Understanding the Stability and Reactivity of Radical Cations for Improved Overcharge Protection in Lithium-Ion Batteries

  • Odom, Susan (PI)

Grants and Contracts Details


The overall goal of this proposal is to improve the stability of radical cation forms aromatic molecules used as redox shuttle electrolyte additives for overcharge protection in lithium-ion batteries. To accomplish these objectives, we will generate the radical cations of a variety of aromatic compounds by electron transfer reactions using chemical oxidants. We will study the lifetimes of the radical cations in a variety of solvent environments, including carbonates used as battery electrolytes, to determine decomposition products upon oxidation.

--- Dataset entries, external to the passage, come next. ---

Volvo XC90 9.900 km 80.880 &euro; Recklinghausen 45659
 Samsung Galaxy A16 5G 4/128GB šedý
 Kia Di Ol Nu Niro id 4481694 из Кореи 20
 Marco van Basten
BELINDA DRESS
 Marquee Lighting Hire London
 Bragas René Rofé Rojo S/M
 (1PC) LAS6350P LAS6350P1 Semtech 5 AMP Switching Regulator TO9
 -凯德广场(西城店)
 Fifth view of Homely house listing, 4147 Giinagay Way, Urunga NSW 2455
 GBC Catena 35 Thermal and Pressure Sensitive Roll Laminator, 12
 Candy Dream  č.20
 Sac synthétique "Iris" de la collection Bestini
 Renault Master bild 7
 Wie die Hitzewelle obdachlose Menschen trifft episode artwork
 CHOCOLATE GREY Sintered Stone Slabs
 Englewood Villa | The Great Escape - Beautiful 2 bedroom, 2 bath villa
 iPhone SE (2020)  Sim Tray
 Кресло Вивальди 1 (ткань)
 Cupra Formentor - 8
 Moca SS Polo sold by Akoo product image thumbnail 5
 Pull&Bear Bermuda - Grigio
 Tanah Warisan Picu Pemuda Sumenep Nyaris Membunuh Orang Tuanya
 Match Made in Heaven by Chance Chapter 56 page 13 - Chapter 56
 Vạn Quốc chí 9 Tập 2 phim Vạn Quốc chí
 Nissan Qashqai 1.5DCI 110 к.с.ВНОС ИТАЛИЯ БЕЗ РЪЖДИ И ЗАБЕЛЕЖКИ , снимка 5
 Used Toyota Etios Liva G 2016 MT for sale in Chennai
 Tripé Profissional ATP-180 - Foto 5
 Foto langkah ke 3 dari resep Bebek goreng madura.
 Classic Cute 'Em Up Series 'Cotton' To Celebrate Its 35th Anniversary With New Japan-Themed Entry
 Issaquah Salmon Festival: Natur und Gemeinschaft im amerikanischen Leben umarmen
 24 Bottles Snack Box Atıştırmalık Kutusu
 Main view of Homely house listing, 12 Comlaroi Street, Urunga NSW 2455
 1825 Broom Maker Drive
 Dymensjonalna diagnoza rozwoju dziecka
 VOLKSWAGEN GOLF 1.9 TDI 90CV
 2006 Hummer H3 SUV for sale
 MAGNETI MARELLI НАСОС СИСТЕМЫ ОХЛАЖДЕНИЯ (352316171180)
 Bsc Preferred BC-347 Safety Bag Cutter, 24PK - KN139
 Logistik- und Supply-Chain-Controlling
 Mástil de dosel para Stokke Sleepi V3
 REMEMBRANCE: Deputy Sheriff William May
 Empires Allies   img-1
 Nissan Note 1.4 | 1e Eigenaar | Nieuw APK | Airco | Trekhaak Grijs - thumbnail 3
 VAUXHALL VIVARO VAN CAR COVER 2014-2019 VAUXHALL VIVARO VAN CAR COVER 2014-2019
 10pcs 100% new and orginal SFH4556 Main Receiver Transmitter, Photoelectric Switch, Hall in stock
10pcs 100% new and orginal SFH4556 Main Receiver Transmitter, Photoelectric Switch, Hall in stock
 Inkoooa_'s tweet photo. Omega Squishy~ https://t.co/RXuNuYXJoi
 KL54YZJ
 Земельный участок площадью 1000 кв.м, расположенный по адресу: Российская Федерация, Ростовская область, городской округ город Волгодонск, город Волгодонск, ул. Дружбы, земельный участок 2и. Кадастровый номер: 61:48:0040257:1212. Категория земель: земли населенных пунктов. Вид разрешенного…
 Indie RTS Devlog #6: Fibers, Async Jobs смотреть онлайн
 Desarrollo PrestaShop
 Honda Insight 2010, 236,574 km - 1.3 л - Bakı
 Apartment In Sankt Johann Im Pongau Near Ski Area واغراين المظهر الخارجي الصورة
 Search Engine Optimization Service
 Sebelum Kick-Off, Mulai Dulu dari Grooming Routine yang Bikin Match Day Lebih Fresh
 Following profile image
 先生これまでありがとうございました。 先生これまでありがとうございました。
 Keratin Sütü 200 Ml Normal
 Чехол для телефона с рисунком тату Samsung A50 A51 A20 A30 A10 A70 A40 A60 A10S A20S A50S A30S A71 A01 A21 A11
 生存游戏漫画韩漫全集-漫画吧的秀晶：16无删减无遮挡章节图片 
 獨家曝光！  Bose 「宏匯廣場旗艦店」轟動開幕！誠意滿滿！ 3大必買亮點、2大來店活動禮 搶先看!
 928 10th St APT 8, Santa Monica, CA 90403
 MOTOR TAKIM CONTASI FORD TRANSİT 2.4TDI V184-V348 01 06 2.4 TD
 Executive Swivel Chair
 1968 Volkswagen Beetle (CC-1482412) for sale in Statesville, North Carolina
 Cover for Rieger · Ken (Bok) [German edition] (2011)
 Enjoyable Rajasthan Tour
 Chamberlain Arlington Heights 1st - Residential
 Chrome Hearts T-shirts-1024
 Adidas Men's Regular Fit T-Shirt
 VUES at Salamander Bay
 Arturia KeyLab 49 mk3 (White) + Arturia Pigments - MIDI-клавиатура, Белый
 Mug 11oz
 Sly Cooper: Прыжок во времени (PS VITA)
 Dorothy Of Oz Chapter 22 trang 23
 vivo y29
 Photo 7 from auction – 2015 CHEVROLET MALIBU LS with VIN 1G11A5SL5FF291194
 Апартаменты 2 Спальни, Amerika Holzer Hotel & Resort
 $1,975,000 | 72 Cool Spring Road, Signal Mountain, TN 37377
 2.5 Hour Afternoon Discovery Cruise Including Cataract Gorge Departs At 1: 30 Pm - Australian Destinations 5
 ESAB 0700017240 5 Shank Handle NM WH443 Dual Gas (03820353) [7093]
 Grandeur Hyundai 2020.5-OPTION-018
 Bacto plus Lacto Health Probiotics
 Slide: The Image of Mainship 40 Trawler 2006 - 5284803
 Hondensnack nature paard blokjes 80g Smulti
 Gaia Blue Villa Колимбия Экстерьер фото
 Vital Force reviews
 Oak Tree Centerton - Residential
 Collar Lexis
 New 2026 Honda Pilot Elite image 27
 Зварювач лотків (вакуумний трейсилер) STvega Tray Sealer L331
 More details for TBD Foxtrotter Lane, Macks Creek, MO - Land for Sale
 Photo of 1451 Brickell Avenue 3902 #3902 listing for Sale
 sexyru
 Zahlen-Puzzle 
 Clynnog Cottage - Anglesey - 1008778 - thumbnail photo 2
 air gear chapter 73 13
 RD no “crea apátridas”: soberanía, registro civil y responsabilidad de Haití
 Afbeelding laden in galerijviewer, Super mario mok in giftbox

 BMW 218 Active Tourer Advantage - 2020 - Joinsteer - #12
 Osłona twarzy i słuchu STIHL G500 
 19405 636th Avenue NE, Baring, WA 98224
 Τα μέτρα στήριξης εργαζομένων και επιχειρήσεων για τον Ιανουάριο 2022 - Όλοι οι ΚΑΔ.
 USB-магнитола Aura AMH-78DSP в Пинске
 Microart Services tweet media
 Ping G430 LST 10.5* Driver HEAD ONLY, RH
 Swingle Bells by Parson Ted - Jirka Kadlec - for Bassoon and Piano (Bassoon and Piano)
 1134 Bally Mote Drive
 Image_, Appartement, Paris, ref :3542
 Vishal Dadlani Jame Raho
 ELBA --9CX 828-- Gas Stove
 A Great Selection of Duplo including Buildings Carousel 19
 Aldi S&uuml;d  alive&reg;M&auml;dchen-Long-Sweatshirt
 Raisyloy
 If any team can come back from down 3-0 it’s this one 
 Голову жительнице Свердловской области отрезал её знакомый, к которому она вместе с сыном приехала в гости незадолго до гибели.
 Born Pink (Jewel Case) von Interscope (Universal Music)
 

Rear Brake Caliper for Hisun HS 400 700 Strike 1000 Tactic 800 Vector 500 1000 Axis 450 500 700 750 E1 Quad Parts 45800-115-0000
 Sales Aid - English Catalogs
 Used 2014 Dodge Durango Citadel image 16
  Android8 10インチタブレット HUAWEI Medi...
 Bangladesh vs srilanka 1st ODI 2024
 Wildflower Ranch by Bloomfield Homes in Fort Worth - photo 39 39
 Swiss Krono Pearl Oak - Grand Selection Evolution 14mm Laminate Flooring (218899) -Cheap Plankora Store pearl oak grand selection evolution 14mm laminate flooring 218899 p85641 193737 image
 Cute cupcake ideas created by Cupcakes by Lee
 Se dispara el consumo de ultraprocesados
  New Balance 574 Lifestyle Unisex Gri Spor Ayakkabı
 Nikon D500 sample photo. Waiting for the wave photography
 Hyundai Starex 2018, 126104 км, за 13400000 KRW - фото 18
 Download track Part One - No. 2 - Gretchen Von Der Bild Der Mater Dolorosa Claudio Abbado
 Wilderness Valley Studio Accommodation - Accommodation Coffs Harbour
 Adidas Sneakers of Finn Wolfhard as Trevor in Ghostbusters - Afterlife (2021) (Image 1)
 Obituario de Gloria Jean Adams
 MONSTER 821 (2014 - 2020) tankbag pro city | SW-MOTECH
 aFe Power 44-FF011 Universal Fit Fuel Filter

We will analyze the products to determine the following: (1) trends in radical cation stability in different solvent environments: polarity, nucleophilicity, (2) features that results in more stable radical cations, i.e. electron delocalization and (3) comparison of radical cation persistance vs. overcharge protection: is there a correlation? In addition to these sytematic studies, we will use this opportunity of studying the byproducts of radical cation formation to determine if we can develop new pathways to functionalize aromatic rings. Upon radical cation formation, an otherwise nucleophilic aromatic ring becomes an electrophile. Depending on the electron delocalization in the radical cation, we may be able to harness this reactive species to functionalize aromatic rings in unique positions compared to electrophilic aromatic substitution, or with more efficient routes that utilize nucleophiles in solution.